Every assertion in the evals.yaml is evaluated — no assertion is skipped silently
Each assertion result records its measured value or LLM rationale, not just PASS/FAIL
The total score is expressed as
```
N/total
```
(e.g.,
```
4/5
```
)
Failed assertions are listed with enough detail to understand what was measured and why it failed
The score report is structured such that an agent can parse it programmatically (not free prose)
If any assertion has an unsupported
```
check
```
value: report as ERROR, do not skip silently

Outputs

The skill produces a score report in the following structured Markdown format:

# Eval Report: {skill name} — {evals.yaml version}

**Output file:** {output_file path}
**Evals file:** {evals_file path}
**Run date:** {ISO 8601 date}
**Score:** {N}/{total} assertions passed

---

## Results

| ID | Type | Description | Result | Details |
|----|------|-------------|--------|---------|
| A01 | code | Word count within ±15% of target | PASS | 1247 words (range: 1020–1380) |
| A02 | code | Kill list word 'leverage' absent | FAIL | 2 matches found |
| A03 | llm-judge | Post stands alone without prior context | PASS | "The post opens with a clear hook and requires no prior context to understand." |

---

## Failed Assertions

### A02 — Kill list word 'leverage' absent
- **Type:** code
- **Check:** regex_not_match
- **Pattern:** `\bleverag(e|ing|ed)\b`
- **Result:** FAIL — 2 matches found at positions [line 4, line 11]

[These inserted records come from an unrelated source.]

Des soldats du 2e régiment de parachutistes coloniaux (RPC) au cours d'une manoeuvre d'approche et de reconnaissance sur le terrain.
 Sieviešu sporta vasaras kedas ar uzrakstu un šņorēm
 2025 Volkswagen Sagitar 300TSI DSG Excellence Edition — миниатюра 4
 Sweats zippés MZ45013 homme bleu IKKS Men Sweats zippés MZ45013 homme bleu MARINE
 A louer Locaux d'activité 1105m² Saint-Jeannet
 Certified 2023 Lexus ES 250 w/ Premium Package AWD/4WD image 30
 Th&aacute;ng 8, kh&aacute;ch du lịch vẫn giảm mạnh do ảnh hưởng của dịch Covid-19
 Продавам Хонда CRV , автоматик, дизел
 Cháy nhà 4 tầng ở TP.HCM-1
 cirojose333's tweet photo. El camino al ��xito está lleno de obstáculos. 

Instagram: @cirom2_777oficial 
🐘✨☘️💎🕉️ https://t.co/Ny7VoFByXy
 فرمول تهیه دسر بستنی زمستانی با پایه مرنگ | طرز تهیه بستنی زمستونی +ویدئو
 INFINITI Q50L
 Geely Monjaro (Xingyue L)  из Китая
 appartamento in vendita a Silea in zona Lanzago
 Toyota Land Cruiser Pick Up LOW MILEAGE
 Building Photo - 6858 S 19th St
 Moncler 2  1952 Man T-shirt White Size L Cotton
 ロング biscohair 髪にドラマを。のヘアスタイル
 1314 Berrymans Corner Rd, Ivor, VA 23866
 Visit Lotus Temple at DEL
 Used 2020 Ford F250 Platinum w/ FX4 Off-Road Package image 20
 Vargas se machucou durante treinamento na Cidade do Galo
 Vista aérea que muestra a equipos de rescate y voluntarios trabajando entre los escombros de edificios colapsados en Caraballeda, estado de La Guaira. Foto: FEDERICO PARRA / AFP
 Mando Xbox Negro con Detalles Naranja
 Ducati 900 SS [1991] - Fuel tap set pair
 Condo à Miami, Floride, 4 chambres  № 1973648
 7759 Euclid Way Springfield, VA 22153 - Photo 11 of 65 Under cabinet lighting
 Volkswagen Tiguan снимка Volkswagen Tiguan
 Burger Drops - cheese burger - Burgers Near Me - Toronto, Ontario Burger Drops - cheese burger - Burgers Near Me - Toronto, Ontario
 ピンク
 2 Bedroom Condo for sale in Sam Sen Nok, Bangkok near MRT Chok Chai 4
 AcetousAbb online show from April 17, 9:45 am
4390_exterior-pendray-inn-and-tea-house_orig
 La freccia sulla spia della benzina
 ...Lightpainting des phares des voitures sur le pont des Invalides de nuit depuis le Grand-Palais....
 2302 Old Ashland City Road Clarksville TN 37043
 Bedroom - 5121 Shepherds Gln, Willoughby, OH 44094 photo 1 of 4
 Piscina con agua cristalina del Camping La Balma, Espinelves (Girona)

The score report may also be emitted as structured YAML if the invoking agent requires machine-readable output:

eval_report:
  skill: content-draft
  evals_version: "1.0"
  output_file: {path}
  evals_file: {path}
  run_date: {ISO 8601}
  score:
    passed: 4
    total: 5
    ratio: "4/5"
  results:
    - id: A01
      type: code
      description: "Word count within ±15% of target"
      result: PASS
      details: "1247 words (range: 1020–1380)"
    - id: A02
      type: code
      description: "Kill list word 'leverage' absent"
      result: FAIL
      details: "2 matches found"
  failed_assertions:
    - id: A02
      description: "Kill list word 'leverage' absent"
      type: code
      check: regex_not_match
      pattern: "\\bleverag(e|ing|ed)\\b"
      details: "2 matches found at positions [line 4, line 11]"

Non-Goals

This skill must NOT:

Modify the output file being evaluated
Modify the source skill whose output is being evaluated
Invoke any other skill (skills never chain)
Make recommendations about what to change in the skill or its output
Generate an evals.yaml file (that is agent work in the Skill Optimize protocol)
Compare scores across multiple runs (that is agent orchestration)
Propose a verdict on whether the skill should be updated (that is a human decision)

No silent skips. Every assertion produces an explicit PASS, FAIL, or ERROR result.